Once safely ensconced in the airway-liberating device I began to lift the brush out of the pot. I was more than a little disappointed to see that a few strands were sticking up in wayward directions. After telephoning COTY to tell them this (response: "If you don't stop with the heavy breathing I'll have to release this call!") I began to apply the paint to the back of each finger.
The sensation is a little like being massaged through cling film. Each wet sticky stroke layers the other in what can only be described as an "onion effect". After a little practice I was able to colour in each digit without going over the lines. The first part of the task was completed quickly and efficiently and without too much fuss.

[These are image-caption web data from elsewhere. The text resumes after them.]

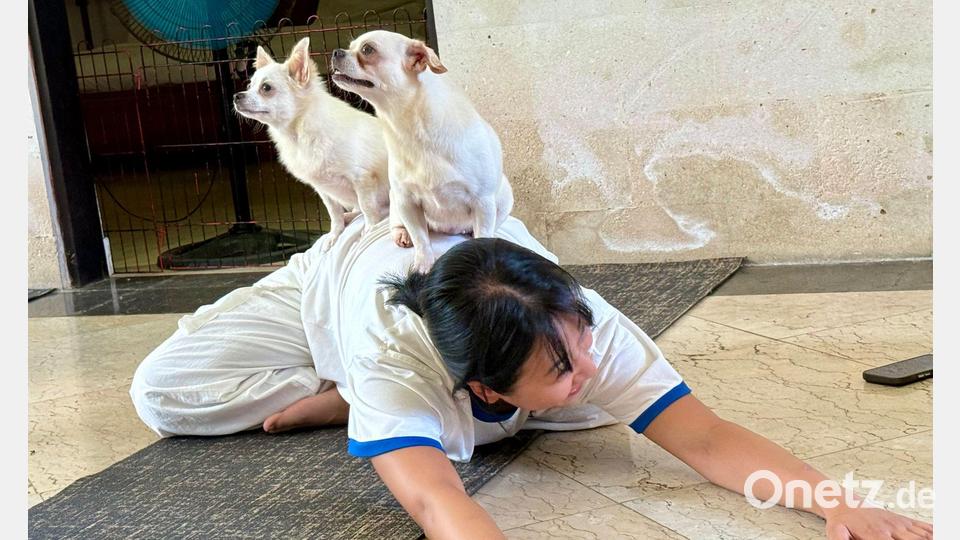 Fast sieht es aus, als hätten die kleinen Hunde selbst eine Yogapose eingenommen. Bild: Carola Frentzen/dpa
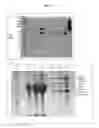 Fig. 08 - Methods and compositions comprising heat shock proteins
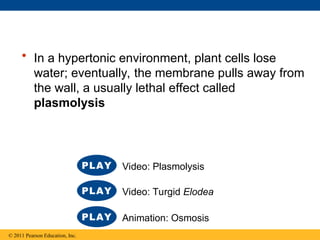 • In a hypertonic environment, plant cells lose
water; eventually, the membrane pulls away from
the wall, a usually lethal effect called
plasmolysis
© 2011 Pearson Education, Inc.
Video: Turgid Elodea
Animation: Osmosis
Video: Plasmolysis
 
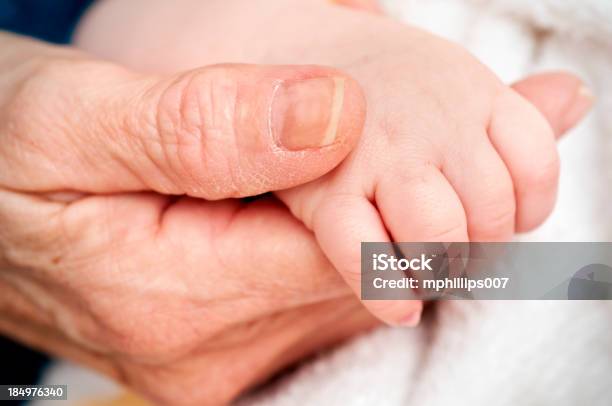 Agarrar De La Mano Foto de stock y más banco de imágenes de Familia - Familia, Familia multigeneracional, Abuela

The bottle clearly stated that the product was "super quick drying". This can't have been true because when I began rifling through my CD collection 15 seconds after application I managed to ruin most of the "G" section (Girls Aloud
, Gang of Four
and Garth Brooks
were all affected. The Game
managed to stay varnish free. He is filed under "T". For "The") and cursed rather loudly.
By the time I got to the sink to wash the blasted stuff off the varnish was rock hard. Normal soap and water didn't help. After boiling both hands to no avail I had to submit to a last resort. It took forty four minutes to clear each nail with a hammer and chisel. I lost the tops of three fingers in the process.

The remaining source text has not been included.